To do. Could you reproduce, word for word, everything below from the line containing "Molecules 27 01726 g001" down to the line containing "TIMEX Analog - PARA FIJAR EL DÍA: - 1", with both of those lines included and no others?

----- Dataset content -----

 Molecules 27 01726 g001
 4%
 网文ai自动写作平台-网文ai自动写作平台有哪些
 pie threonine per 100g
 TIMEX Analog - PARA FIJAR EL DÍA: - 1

-----
----- Dataset content -----

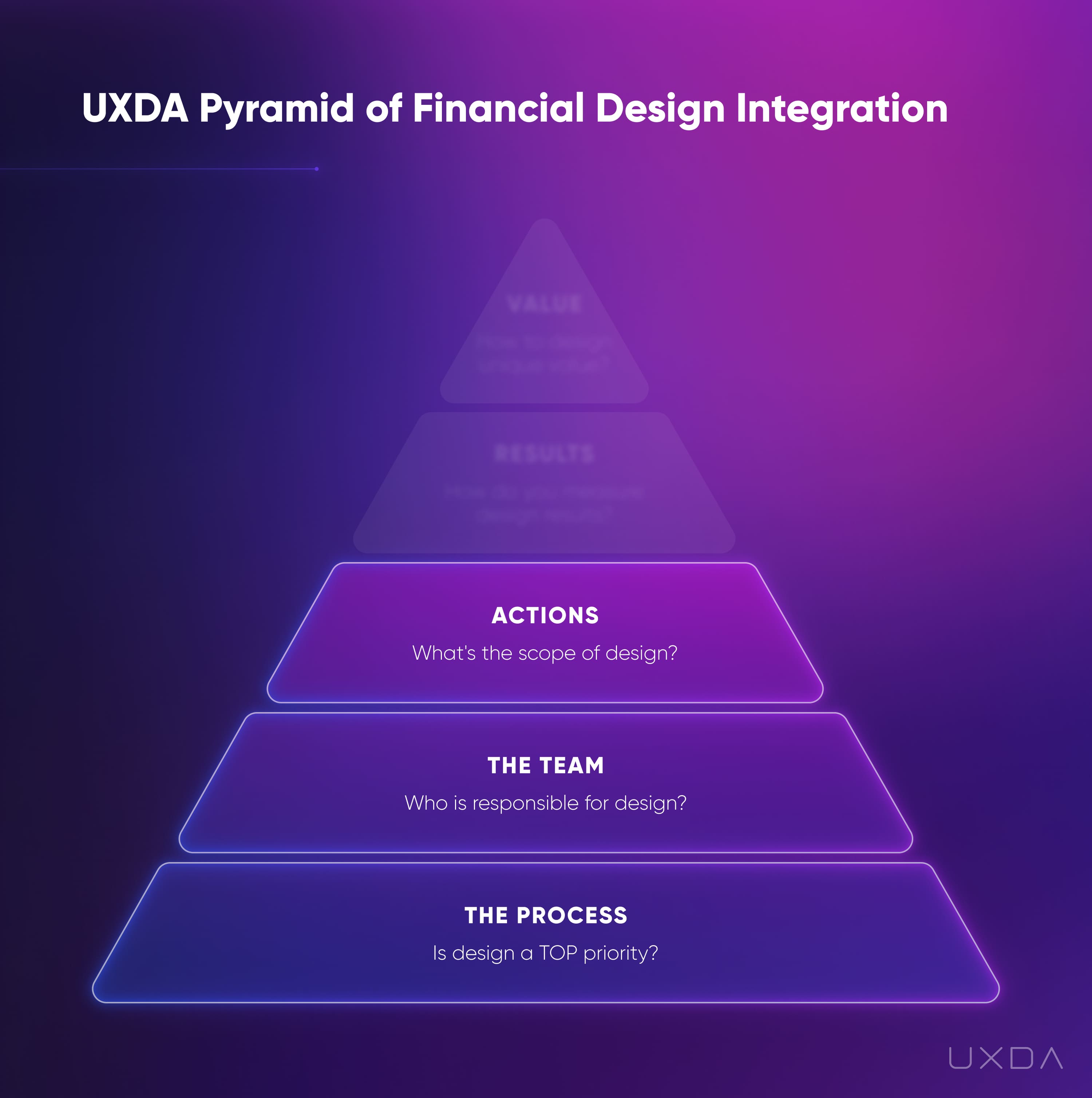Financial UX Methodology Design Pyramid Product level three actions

-----

Expected output.
 Molecules 27 01726 g001
 4%
 网文ai自动写作平台-网文ai自动写作平台有哪些
 pie threonine per 100g
 TIMEX Analog - PARA FIJAR EL DÍA: - 1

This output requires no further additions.